Organic fourth-quarter (Q4) sales fell by 5% to US$1bn compared with Q4 2023. Organic operating income fell by 16% to US$375 million.
The company has previously estimated that full-year sales would be stagnant when it posted a 1% drop for the first half of its 2024 fiscal year.
Lawson Whiting, Brown‑Forman’s president and chief executive officer, said: “In a challenging year within the spirits industry, Brown‑Forman remained agile and focused on the long-term growth of our brands and our business.
“While our fiscal 2024 organic results reflect the inventory reductions across the entire spirits value chain, when you adjust for the changes in distributor inventory, we feel good about the results we delivered and are confident in the strength of our strategy, brands, and business.
“As we look to fiscal 2025, we believe we can build on this foundation and deliver top and bottom line organic growth as well as continued gross margin expansion.”
Premium Bourbons outperform Jack Daniel’s
In fiscal 2024, organic net sales of the firm’s whisky brands declined by 2%, caused by lower volumes for Jack Daniel’s, which the brand said reflected ‘an estimated net decrease in distributor inventories’. The exception was Jack Daniel’s Tennessee Apple, which soared by 33%. The core Jack Daniel’s line dipped by 2%, while its Honey variant fell by 5%.
Brown-Forman’s premium Bourbons fared better, with Woodford Reserve growing by 3% and Old Forester by 11%. The ‘Rest of Whiskey’ segment – which includes Scotch whisky Glenglassaugh – rose by 16%.
Tequila sales fell by 7%, with El Jimador dropping by 1% and Herradura by 13%. Brown-Forman stated that Herradura experienced lower volumes in the US due to ‘an estimated net decrease in distributor inventories’.
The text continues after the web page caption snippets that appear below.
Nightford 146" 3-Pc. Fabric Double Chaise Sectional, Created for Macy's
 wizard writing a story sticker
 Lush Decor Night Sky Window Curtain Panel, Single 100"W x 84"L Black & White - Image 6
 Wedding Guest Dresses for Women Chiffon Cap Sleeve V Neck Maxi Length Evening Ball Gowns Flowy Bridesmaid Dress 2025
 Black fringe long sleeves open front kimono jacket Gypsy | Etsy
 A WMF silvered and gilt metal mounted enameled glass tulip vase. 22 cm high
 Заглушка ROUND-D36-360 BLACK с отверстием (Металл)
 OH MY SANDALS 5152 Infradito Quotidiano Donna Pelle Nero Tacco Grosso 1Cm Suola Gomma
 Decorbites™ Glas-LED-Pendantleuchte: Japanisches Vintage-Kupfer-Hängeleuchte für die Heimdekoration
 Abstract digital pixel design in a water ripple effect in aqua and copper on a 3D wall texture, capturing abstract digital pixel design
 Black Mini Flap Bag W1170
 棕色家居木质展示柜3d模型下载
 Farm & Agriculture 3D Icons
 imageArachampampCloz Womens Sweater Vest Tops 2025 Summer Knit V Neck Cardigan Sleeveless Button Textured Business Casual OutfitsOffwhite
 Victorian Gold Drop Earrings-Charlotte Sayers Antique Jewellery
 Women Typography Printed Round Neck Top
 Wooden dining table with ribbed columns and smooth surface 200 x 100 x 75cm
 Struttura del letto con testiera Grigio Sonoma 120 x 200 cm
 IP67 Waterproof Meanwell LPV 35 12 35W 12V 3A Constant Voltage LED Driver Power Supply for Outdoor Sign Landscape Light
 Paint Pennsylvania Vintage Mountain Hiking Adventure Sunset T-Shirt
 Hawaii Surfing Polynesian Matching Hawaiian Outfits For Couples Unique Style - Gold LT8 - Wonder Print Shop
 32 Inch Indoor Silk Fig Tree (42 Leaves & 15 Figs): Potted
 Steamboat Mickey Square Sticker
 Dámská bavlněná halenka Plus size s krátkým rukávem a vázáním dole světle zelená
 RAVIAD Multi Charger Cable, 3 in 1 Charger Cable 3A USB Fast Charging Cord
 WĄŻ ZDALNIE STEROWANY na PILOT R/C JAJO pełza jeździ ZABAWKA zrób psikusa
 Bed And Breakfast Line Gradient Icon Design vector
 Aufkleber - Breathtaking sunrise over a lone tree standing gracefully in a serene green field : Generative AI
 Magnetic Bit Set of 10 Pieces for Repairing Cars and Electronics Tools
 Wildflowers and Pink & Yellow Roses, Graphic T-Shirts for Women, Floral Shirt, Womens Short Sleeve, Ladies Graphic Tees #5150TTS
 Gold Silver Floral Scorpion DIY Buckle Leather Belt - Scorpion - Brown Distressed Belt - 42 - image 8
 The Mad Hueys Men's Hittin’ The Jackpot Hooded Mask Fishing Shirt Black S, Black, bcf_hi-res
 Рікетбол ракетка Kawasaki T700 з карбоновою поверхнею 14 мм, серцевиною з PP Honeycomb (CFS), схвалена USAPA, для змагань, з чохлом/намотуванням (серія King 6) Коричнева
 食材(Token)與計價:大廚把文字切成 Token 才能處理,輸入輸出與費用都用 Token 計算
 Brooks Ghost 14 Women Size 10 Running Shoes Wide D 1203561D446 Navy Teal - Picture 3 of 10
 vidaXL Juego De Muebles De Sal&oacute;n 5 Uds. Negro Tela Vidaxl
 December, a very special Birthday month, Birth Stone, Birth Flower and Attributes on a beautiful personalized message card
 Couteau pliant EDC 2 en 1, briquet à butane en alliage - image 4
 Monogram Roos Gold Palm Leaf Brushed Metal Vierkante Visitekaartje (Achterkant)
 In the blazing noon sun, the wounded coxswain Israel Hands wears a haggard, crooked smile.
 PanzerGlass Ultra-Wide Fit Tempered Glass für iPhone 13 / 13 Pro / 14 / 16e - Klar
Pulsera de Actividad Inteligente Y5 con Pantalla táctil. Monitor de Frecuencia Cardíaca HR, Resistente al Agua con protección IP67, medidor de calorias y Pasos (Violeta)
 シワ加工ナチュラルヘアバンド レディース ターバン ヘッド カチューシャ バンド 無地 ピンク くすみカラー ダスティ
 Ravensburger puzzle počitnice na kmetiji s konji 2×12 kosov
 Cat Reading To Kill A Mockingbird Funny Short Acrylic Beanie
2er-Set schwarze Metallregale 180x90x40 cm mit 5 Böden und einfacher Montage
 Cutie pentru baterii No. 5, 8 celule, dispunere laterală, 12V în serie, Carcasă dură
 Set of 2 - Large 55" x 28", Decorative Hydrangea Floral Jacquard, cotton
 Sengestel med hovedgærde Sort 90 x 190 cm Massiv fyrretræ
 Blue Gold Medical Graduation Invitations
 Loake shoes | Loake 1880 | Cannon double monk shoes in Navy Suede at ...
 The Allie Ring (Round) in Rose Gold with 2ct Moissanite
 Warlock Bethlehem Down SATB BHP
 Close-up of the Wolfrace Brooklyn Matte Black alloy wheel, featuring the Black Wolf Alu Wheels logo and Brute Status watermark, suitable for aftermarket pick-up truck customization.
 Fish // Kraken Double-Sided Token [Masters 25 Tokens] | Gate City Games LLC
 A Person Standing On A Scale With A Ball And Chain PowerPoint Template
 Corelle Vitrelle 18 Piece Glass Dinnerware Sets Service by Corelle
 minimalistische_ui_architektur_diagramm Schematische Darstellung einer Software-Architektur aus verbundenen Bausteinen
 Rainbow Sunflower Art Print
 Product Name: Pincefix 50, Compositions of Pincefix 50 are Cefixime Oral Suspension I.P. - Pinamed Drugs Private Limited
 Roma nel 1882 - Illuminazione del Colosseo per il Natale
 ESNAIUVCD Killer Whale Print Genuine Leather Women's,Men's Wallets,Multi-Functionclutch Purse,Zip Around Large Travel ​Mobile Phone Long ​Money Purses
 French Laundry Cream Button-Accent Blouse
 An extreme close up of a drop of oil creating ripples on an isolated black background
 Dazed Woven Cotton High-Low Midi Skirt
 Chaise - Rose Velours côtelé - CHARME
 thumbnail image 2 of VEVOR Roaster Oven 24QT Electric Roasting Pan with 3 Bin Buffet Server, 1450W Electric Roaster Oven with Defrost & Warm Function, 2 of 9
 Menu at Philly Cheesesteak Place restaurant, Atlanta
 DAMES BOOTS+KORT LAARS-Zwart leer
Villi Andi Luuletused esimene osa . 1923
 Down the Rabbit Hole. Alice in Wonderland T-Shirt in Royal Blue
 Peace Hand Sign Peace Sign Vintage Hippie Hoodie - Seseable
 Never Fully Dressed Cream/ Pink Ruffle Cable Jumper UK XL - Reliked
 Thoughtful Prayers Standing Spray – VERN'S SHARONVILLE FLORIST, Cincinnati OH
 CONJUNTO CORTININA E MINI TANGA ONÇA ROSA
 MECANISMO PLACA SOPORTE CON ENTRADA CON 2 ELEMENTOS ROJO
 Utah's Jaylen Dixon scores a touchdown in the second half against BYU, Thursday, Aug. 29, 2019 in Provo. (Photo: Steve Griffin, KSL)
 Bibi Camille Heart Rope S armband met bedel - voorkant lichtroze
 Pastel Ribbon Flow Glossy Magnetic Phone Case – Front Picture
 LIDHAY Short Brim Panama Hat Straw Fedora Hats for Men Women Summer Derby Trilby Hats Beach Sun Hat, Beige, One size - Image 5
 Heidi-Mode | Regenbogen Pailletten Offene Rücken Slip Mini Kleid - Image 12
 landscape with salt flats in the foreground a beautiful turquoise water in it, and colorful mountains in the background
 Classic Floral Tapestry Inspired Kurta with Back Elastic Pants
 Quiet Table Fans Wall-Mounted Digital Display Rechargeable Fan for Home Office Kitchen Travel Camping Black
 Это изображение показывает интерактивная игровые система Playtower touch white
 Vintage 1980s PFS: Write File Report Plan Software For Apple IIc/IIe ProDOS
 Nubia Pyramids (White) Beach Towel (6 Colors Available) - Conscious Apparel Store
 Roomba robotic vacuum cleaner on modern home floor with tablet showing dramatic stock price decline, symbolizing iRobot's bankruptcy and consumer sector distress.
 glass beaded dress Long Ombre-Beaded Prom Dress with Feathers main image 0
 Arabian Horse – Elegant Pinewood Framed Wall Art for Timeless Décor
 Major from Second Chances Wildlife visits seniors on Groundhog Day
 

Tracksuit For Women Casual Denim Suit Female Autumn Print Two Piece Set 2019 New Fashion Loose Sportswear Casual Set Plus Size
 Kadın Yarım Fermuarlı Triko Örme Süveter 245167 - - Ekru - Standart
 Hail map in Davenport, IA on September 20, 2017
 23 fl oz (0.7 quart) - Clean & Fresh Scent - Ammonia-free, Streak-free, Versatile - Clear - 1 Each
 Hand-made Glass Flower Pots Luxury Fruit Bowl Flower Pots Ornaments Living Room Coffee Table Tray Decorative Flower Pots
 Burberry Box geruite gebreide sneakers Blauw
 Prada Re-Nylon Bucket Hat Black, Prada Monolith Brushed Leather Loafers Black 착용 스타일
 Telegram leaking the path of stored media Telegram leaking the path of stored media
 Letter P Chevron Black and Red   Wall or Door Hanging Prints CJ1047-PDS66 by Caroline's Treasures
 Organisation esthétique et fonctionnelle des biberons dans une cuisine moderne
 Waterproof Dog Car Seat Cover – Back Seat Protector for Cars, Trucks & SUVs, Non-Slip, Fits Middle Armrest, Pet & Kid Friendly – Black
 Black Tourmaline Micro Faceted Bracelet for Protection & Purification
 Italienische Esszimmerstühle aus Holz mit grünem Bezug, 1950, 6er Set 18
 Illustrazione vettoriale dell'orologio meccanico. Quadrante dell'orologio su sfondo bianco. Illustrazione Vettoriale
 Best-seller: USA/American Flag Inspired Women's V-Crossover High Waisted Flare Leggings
Diplomático rum and Gin Mare drove the firm’s ‘Rest of Portfolio’ segment by 15%, while ready-to-drink (RTD) brand New Mix reported organic growth of 17%. Sales of Jack Daniel’s RTDs fell by 5% driven by lower volumes of the Jack Daniel’s & Cola RTD, though the firm added that this was partially offset by the continued launch of the co-branded Jack Daniel’s & Coca-Cola RTD.
The sale of Finlandia vodka and Sonoma-Cutrer wine resulted in a gain of US$267m. Coca-Cola’s bottling arm purchased the former for US$220m.
By region, US sales fell by 4% and ‘developed international’ markets dropped by 5%. Within this region, the UK fell by 14% and Australia by 6%, while Germany grew by 7% and Canada by 2%.
The firm reported that declines were largely offset by growth in emerging markets (up by 8%) – which includes Mexico (up 6%), Poland (up 11%) and Brazil (up 3%) – and travel retail (up 6%).
The firm also clarified that all of Jack Daniel’s Country Cocktails are now supplied, sold and distributed by Pabst Brewing Company. In 2023 it was revealed that the Country Cocktails warehouse was being repurposed to focus on the firm’s super-premium American whiskey portfolio.